**Exercise objective:** Can you retype only the lines from the one with "Coach Peyton Signature" through the final line of the material, exactly as given?

**Extracted records:**
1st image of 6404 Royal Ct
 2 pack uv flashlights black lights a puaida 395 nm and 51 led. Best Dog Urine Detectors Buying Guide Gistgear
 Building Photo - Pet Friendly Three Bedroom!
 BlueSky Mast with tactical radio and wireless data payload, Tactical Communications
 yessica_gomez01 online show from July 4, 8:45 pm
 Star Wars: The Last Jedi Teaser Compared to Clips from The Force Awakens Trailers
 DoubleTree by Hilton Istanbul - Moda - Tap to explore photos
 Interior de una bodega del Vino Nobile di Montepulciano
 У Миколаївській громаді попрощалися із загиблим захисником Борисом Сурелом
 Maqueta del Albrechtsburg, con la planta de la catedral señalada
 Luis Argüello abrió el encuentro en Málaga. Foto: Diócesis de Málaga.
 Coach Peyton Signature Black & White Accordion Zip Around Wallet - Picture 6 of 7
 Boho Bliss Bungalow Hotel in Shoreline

**Answer to this task:**
 Coach Peyton Signature Black & White Accordion Zip Around Wallet - Picture 6 of 7
 Boho Bliss Bungalow Hotel in Shoreline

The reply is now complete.